1. Total Body Involvement
Soft tissue sarcomas are malignant tumors that grow in any connective or supportive tissue in the body such as muscles, fat, blood vessels, tendons, fibrous tissue, nerves and linings of the joints. They can appear almost anywhere, though nearly 60 percent of soft tissue sarcomas are located in the arms or legs. The word "sarcoma" is of Greek origin and means "fleshy growth." This type of cancer is very rare, with fewer than 10,000 cases reported annually. It strikes both the young and old, and appears only slightly more in men than in women.
2. A Deadly Variety
There are many types of soft tissue sarcomas depending on where the tumor originates. Sarcomas that are found in muscles have two types, for instance, depending on whether they are located in smooth muscles (leiomyosarcomas) or skeletal muscles (rhabdomyosarcomas), as do tumors found in fibrous tissue (fibrosarcomas in the torso, arms and legs, and dermatofibrosarcomas in skin tissue). The list includes hemangiosarcomas (blood vessels), liposarcomas (fat), lymphangiosarcomas (lymph vessels), synovial sarcomas (joint tissue) and neurofibrosarcomas (nerves).
3. Symptoms
Unfortunately, there's not much to look for in when it comes to most soft tissue sarcomas. Symptoms vary depending on the site of the tumor, with most displaying no signs at all. They rarely display any symptoms in early stages, so most tumors are not found until advanced. A lump can be found when the tumor has grown large enough. Tumors that press on muscles and nerves can result in pain, as can those found in the abdomen. Sarcomas in the abdomen can also cause a blockage or bleeding. In about half of the cases of soft tissue sarcomas, the cancer is not found until it has spread.

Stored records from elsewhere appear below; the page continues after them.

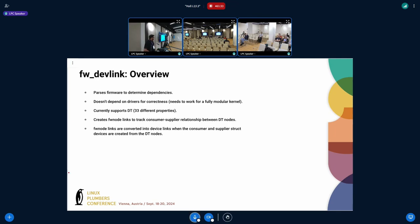What firmware devlink does is parse the device tree to determine the dependencies between device tree nodes. It's intentionally designed and implemented so it does not depend on drivers for correctness — that's one of the main goals, because it needs to work for a fully modular kernel too. It supports about 33 different DT properties. We parse the DT nodes, create firmware node links between them, and as those nodes become struct devices, we convert firmware node links into device links.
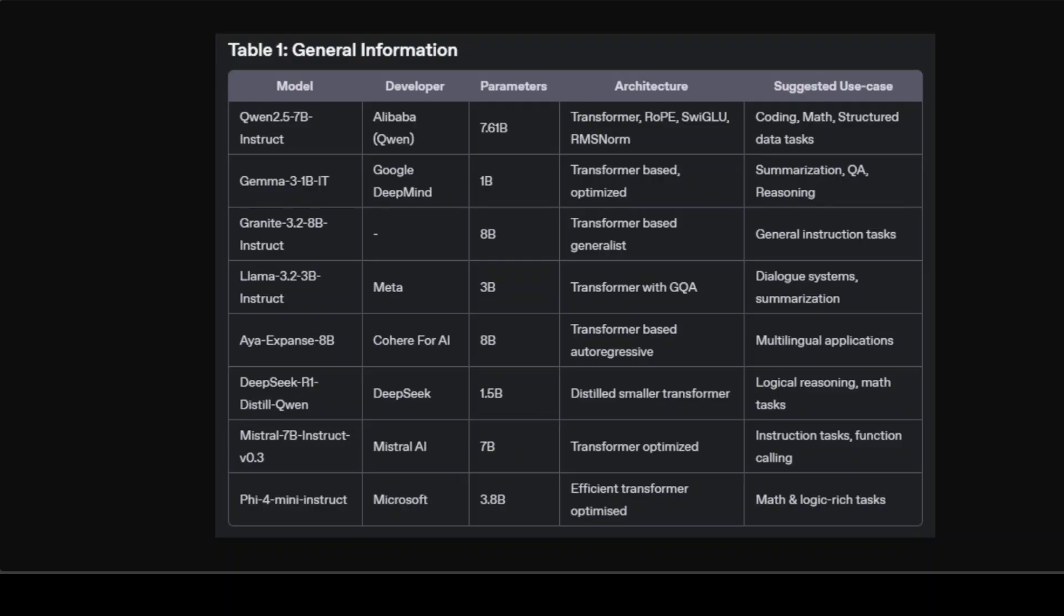Llama 3.2 3 billion instruct from Meta uses grouped query attention in its auto-regressive transformer architecture with fine-tuning involving reinforcement learning with human feedback. It excels specifically in multilingual dialogue systems and summarization tasks. Its relatively compact size around 3 billion enhances performance consistency and inference efficiency.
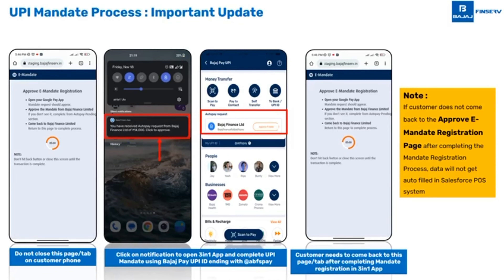Hi everybody, a quick update on the UPI mandate process that you are using in the POS system. UPI mandate is a very simple process that you can use to register the customer's e-mandate registration. To do that, you simply need to send the customer the link by clicking on the send auto pay button.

4. Reasons for This Rare Type of Cancer
Though there are no known specific causes of soft tissue sarcomas, one does have a known cause: Karposi's sarcoma (found in the walls of blood vessels) is caused by human herpes virus eight. Some rare inherited diseases can increase the risk of soft tissue sarcomas: retinoblastoma (childhood eye cancer), Li-Fraumeni Syndrome (cancer predisposition syndrome), Gardner's Syndrome (genetic disorder marked by colon polyps and tumors outside the colon) and neurofibromatosis. Exposure to radiation and some chemicals can also increase risk.
5. Finding It and Fighting It
The best way to diagnose soft tissue sarcoma is to have an X-ray, MRI or CT scan locate the tumor and then confirm malignancy by having a pathologist examine a biopsy of the tumor. This cancer is so rare that not many doctors have experience in treating it. Amputation of the diseased limb was once performed regularly, but now radiation therapy is used in most cases. Chemotherapy may also combat the disease, but its effectiveness is dependent on the type of soft tissue sarcoma being treated.